法話の窓

047 晩秋残感

 季節は晩秋である。上の写真は、僕が兼務する寺院の境内にある楓の画像だ。今年は紅葉がイマイチだと思いながら、それでも一度は見ておこうと行ってみてビックリ。イマイチどころか、近年でも珍しいくらいの見事な紅葉である。

 この寺は村内でもかなり山手にあり、正に「山寺」と呼ぶにふさわしい。昼夜の寒暖差が大きくなったせいで、一気 に紅葉したのだろうか。急激な気温変化はあまり好条件ではないというが自然現象は極めて微妙で、人智の及ばぬところがあるのだろう。

 こうして見ると紅葉とは如何にも美しいものである。赤、朱、橙、黄、黄緑の葉が繊細微妙なグラデーションで混じり合いながら、まるで樹が燃え上がっているかの如く鮮烈な色を放っている。無作為の作為とでも言うべきか。

 楓は人を喜ばせるために紅葉しているわけでは、決してない。葉を落とす前に樹本体へ養分を送り返し、来春の新芽吹きに備えるため。ひいては多くの種子を実らせ、自己の遺伝子を持つ子孫をより繁栄させるための、重要な戦略なのである。人はそういう楓の姿に本能的な感動を覚えるのかもしれない。

≪ この道を 行く人なしに 秋の暮 ≫ 芭蕉

 元禄7年(1694)9月23日、松尾芭蕉51歳の句である。この19日後に芭蕉は亡くなっているから、最晩年の句になる。その所為もあってか如何にも寂寥とした句だ。晩秋はかくの如く寂しい季節ではあるが、同時に生命の甦りを予感させる季節でもある。

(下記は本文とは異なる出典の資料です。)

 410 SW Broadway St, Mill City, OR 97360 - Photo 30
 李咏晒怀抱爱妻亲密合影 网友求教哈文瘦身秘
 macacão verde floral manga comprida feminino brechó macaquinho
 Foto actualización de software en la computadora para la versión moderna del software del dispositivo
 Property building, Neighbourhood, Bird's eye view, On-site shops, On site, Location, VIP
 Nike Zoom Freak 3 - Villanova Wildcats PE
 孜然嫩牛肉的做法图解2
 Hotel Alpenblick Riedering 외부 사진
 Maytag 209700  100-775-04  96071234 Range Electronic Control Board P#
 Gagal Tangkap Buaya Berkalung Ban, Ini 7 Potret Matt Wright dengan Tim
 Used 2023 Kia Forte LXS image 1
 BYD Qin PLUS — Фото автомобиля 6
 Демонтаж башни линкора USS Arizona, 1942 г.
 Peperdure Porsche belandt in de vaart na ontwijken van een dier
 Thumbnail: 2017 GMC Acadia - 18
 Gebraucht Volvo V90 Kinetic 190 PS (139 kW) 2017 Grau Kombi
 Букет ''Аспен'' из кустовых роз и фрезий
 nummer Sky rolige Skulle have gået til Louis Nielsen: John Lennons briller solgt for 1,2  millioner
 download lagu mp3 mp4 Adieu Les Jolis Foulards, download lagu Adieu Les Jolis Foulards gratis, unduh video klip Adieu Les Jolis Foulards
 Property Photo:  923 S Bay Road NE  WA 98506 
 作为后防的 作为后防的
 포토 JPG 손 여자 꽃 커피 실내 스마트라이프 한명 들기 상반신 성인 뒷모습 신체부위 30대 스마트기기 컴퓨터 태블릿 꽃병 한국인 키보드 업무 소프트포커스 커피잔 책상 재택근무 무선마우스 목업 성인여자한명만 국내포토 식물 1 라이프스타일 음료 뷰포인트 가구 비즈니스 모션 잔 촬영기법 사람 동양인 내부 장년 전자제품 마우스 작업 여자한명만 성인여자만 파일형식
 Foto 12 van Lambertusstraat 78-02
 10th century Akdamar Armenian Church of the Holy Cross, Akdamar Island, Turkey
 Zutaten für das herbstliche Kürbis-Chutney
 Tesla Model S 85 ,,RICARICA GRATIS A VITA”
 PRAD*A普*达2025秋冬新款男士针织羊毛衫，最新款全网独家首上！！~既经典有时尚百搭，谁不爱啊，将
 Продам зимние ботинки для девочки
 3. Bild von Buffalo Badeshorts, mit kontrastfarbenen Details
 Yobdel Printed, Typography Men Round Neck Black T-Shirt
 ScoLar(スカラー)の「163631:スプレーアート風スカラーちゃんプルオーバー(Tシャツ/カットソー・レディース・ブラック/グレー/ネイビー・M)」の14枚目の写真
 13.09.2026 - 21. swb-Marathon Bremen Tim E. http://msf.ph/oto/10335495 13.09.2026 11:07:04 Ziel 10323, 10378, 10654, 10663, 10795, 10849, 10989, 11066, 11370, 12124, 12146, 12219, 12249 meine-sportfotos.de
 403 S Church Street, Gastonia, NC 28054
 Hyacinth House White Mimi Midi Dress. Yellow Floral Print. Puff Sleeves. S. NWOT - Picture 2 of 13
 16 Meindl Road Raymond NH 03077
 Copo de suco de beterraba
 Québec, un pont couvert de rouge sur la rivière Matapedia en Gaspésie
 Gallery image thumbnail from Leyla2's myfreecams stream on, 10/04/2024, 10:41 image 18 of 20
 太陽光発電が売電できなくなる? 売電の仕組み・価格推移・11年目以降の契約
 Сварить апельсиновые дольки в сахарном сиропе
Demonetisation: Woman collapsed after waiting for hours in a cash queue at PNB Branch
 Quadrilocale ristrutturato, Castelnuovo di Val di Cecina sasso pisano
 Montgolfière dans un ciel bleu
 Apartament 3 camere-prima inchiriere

 紅葉の時期が過ぎれば、葉はやがて散ってゆく。しかしそれは生命の終わりを告げるものではなく、新しい息吹が始まるサインでもある。葉を落としたあとには、すでに次世代の新芽がしっかりと用意されているのである。死にかわり生まれかわり、生命は連綿として尽きない。

 人は皆、今以上の幸せを求めていろんなものを欲しがるわけだ。欲が深いのである。しかし、原点に還ってよくよく考えてみたれば、自分に宿っている生命こそが、最も価値あるものなのではないか。

 秋の紅葉は、命の不思議さと尊さを気づかせてくれる。僕も、あなたも、一切衆生(生きるもの全て)、この摩訶不思議な命を、持っているのだ。

 「同事」とは、そういうことである。